Turning to the bottom line of our results on the next page, our adjusted operating result for Q3 decreased by -41% year- over- year, outweighing the decline in revenue. Clearly, the most important factor impacting our profitability was the decline in unit sales, with lower volumes leading to reduced fixed cost absorption across our production network. Customer and market mix effects also had a negative impact on the operating result. Additional negative effects came from ongoing foreign currency headwinds. Like in the previous quarters, we felt cost impacts from the China project. However, with the opening of the production facility, direct construction-related expenses should fade out in Q1 next year. Last but not least, higher direct and indirect tariff costs in the U.S. market are adding to our overall cost. Together, these factors contributed to the decrease in our Q3 margin.

The adjusted return on sales dropped by 3.2 percentage points to 6.4%. On a more positive note, some of our recently initiated cost measures are now taking effect, influencing the sequential development of our quarterly RS. Additionally, the sequential recovery in Scania's margin has provided support. For the first nine months, our adjusted RS stood at 6.3%, which is well within our guidance range. Let me remind you that the challenges just mentioned will persist in the fourth quarter. In particular, tariff-related costs are projected to rise. To provide full transparency, the adjustments to our operating result are higher than last year's Q3. This is mainly due to the write-off of a BEV development project at International as well as increased restructuring activities at Scania. Before we move to our usual brand and segment overview, let me briefly explain our updated segment reporting structure.

This comes into effect now that the carve-out of major parts of the brand's R&D development has been completed and the new centralized Group R&D organization is operational. Previously, until the end of June 2025, cross-brand R&D projects were led by a single brand, most often Scania. For example, Scania led the development of the common base engine. The associated R&D expenses were substantially charged to the other brands through license fees during the use phase of the products.
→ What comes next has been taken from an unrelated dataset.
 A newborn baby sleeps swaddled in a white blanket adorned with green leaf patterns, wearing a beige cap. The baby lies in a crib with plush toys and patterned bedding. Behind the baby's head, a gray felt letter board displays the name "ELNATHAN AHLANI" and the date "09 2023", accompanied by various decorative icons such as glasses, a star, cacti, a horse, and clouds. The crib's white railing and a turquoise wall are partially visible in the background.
This legal entity view, as we call it, is illustrated on the left-hand side on this slide from 1st of July. Such cross-brand R&D projects are now executed and recorded centrally by the new R&D organization. The cost of this development work is then allocated to the participating brands based on a predefined mechanism.

This leads to the so-called Management View, which is depicted on the right-hand side and shows how we will report from now on. In principle, you will receive the same kind of segment transparency as before in the restated figures. On the next slide, you will see the effects of the new way of cost allocation starting with the restatement of Scania on the left. Let me focus on the third quarter numbers shown by the lower bars in the chart. Taking this year's Management View, you can see that Scania delivered an adjusted operating result of EUR 468 million in the third quarter of 2025. That's a margin of 11.1%. If the centralized Group R&D organization had already been operational last year with the same kind of cost allocation, Scania's Q3 2024 adjusted operating profit would have been EUR 618 million.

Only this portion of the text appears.